[Records from a data collection]
========

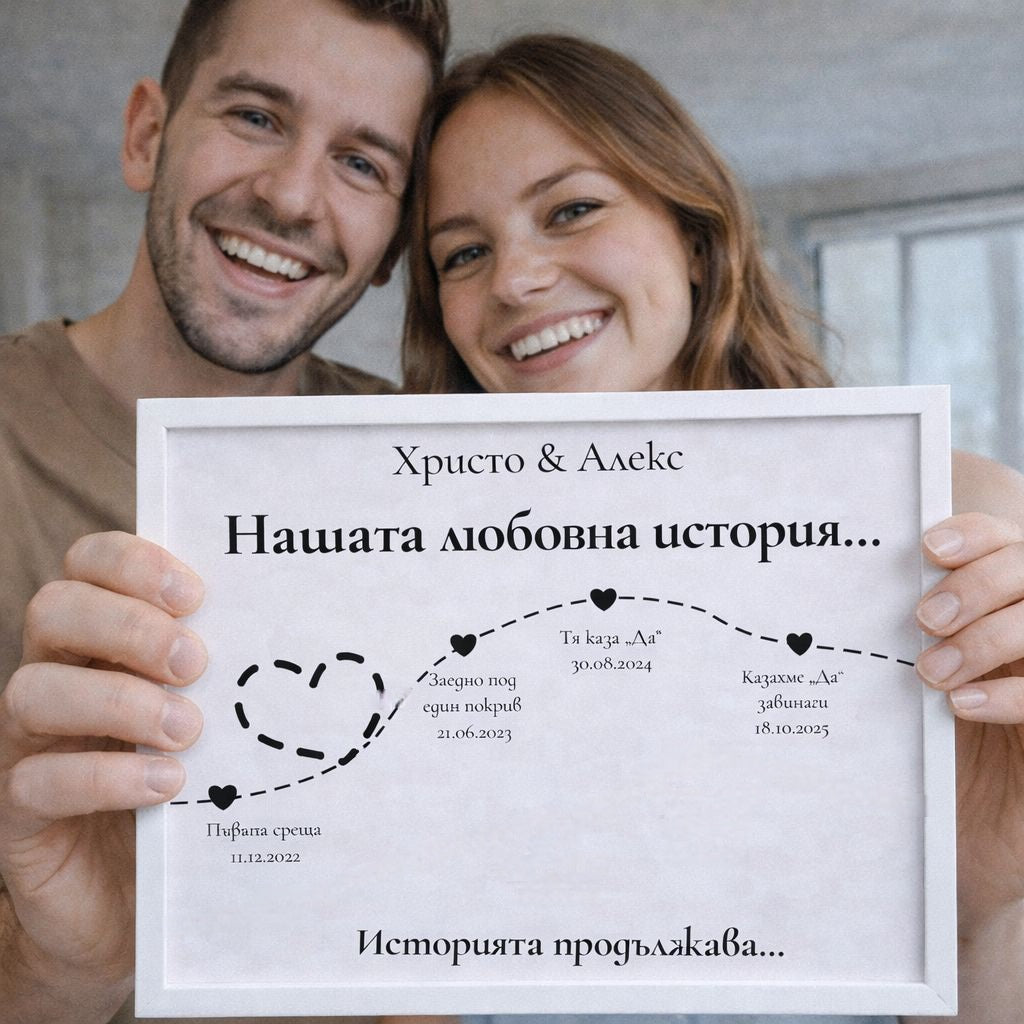 Подарък за Свети Валентин - „Нашата любовна история“,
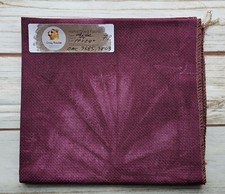 Exclusive Hand Dyed Aida Fabric 14 count Cross Stitch cloth 17"x29"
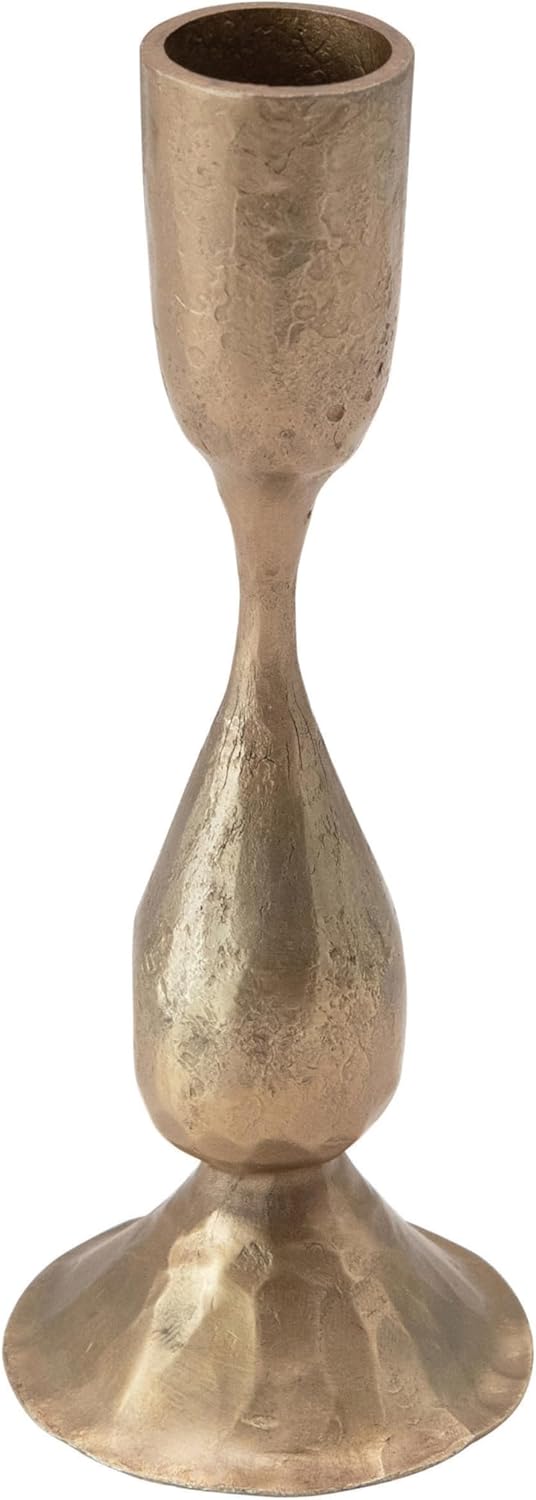 Creative Co-Op Hand-Forged Metal Taper Candle Holder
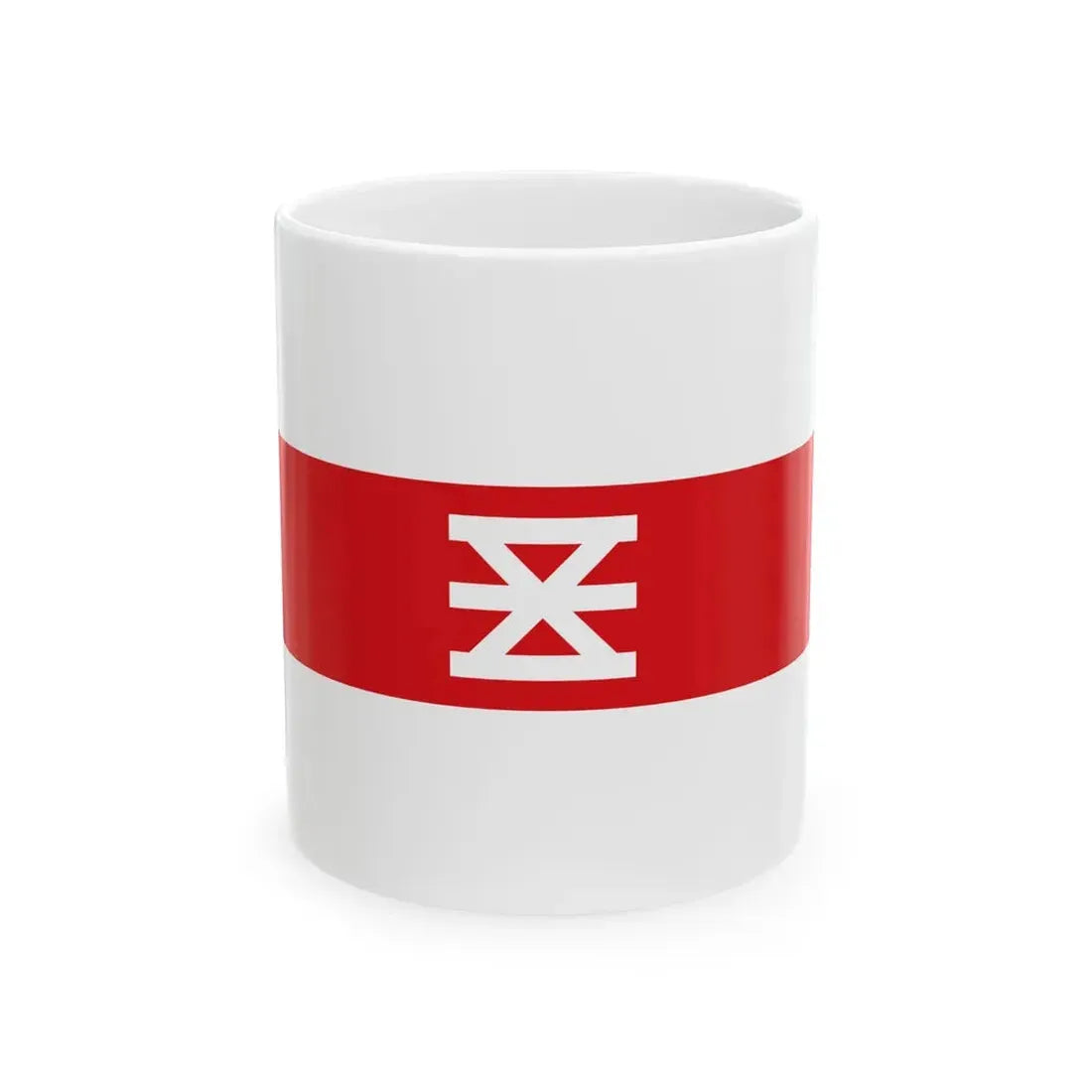 Vlag stad Enschede (Netherlands) White Coffee Mug 11oz - Go Mug Yourself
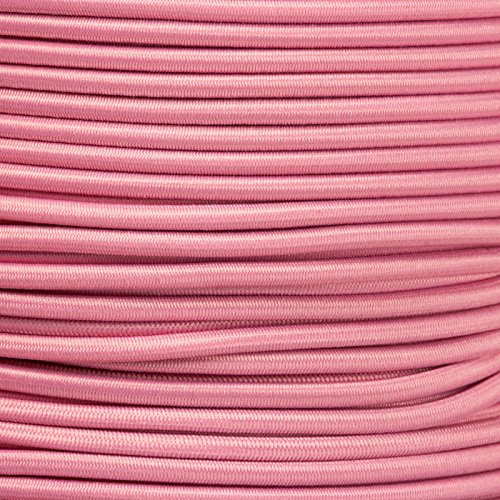 5m Gummikordel - Hutgummi - Rundgummi, hochwertig, extra-stark in 3mm, rosa von Kahage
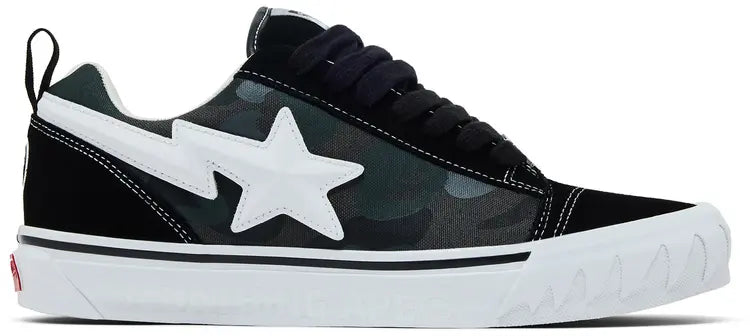 Vans x BAPE Premium Knu Skool Camo Black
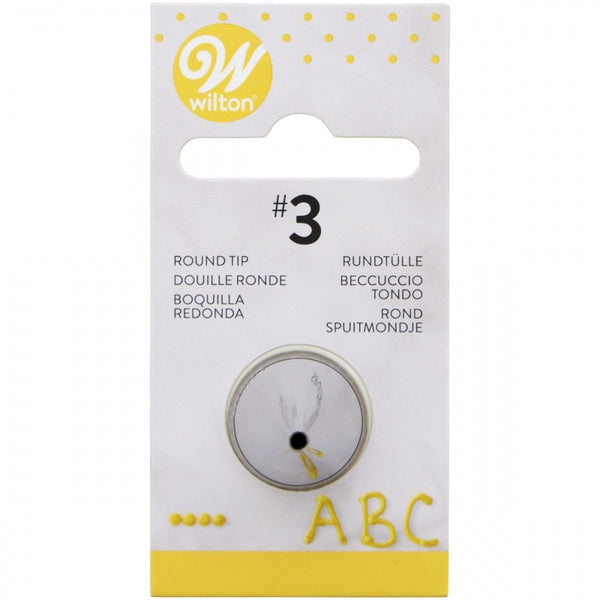 Wilton No.3 Round Piping Tip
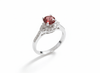Nhẫn nữ Đá quý tự nhiên Red Garnet Ring in Sterling Silver by AME Jewellery
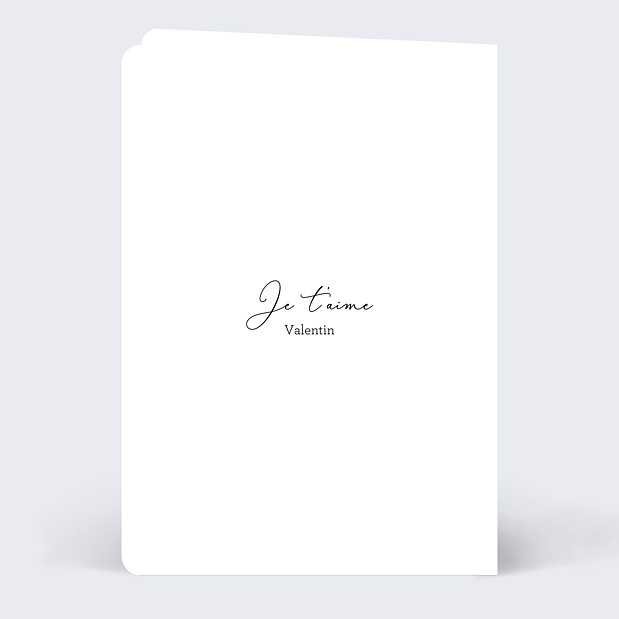 Carte d'Amour Bonjour Mon Amour Verso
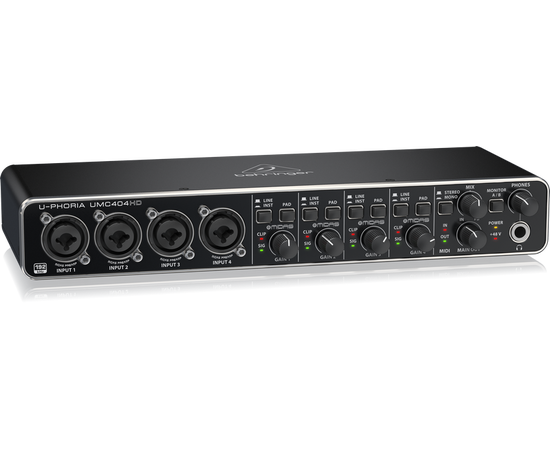 BEHRINGER UMC404HD. Аудиоинтерфейс, изображение 2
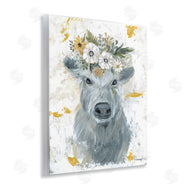 Mackenzie Kissell | Grey Cattle with Flowers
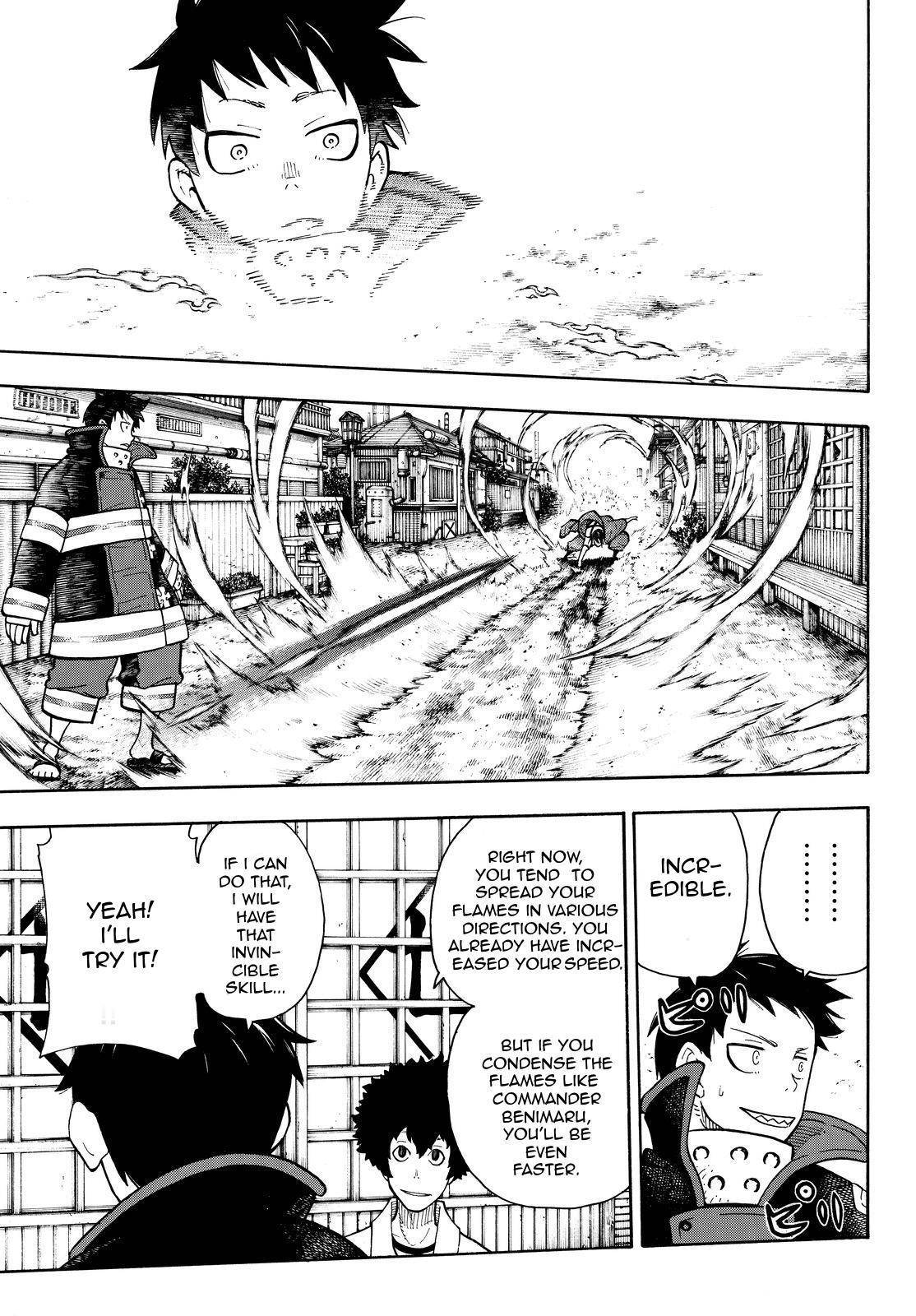 Enen no Shouboutai Chapter 64 page 13 - Chapter 64: The Training Ground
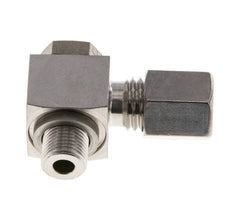 6L & G1/8'' Stainless Steel Swivel Joint Compression Fitting with Male Threads 315 bar Rotatable ISO 8434-1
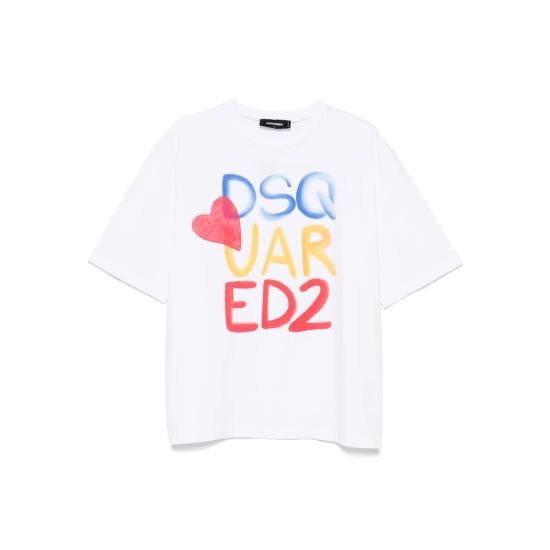 DSQUARED2｜ (S74GD1394 D20020 100) Dsquared2 DSQUARED2 Men T-Shirts S74GD1394 D20020 100 White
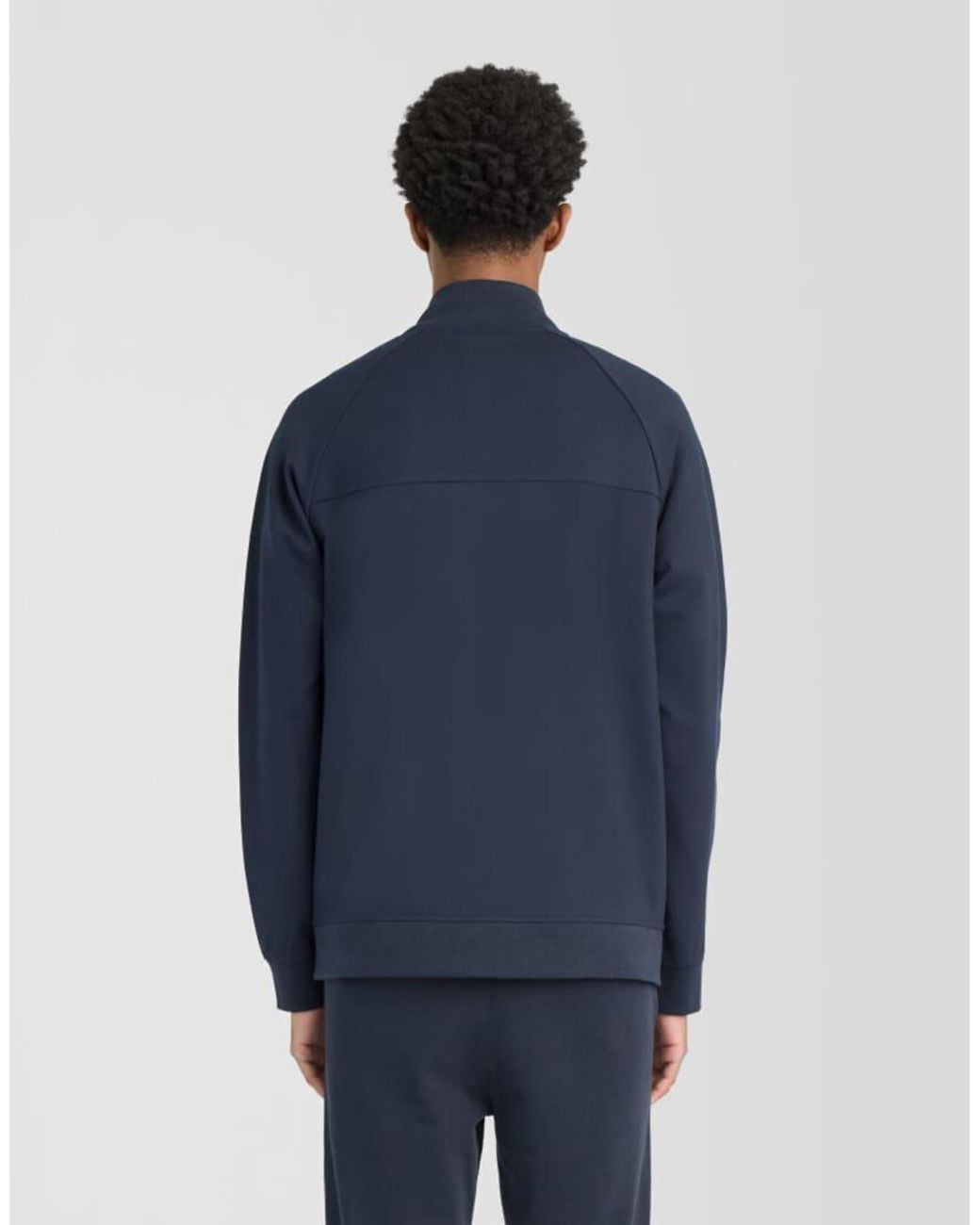 Lyle & Scott Blue Mid Layers Fly Fleece Track Jacket for men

========

== PROMPT ==
Repeat, exactly and only, the lines from the one containing "Creative Co-Op Hand-Forged" through the final line of the data, both ends included, leaving out any picture.

== REPLY ==
 Creative Co-Op Hand-Forged Metal Taper Candle Holder
 Vlag stad Enschede (Netherlands) White Coffee Mug 11oz - Go Mug Yourself
 5m Gummikordel - Hutgummi - Rundgummi, hochwertig, extra-stark in 3mm, rosa von Kahage
 Vans x BAPE Premium Knu Skool Camo Black
 Wilton No.3 Round Piping Tip
Nhẫn nữ Đá quý tự nhiên Red Garnet Ring in Sterling Silver by AME Jewellery
 Carte d'Amour Bonjour Mon Amour Verso
 BEHRINGER UMC404HD. Аудиоинтерфейс, изображение 2
 Mackenzie Kissell | Grey Cattle with Flowers
 Enen no Shouboutai Chapter 64 page 13 - Chapter 64: The Training Ground
 6L & G1/8'' Stainless Steel Swivel Joint Compression Fitting with Male Threads 315 bar Rotatable ISO 8434-1
 DSQUARED2｜ (S74GD1394 D20020 100) Dsquared2 DSQUARED2 Men T-Shirts S74GD1394 D20020 100 White
 Lyle & Scott Blue Mid Layers Fly Fleece Track Jacket for men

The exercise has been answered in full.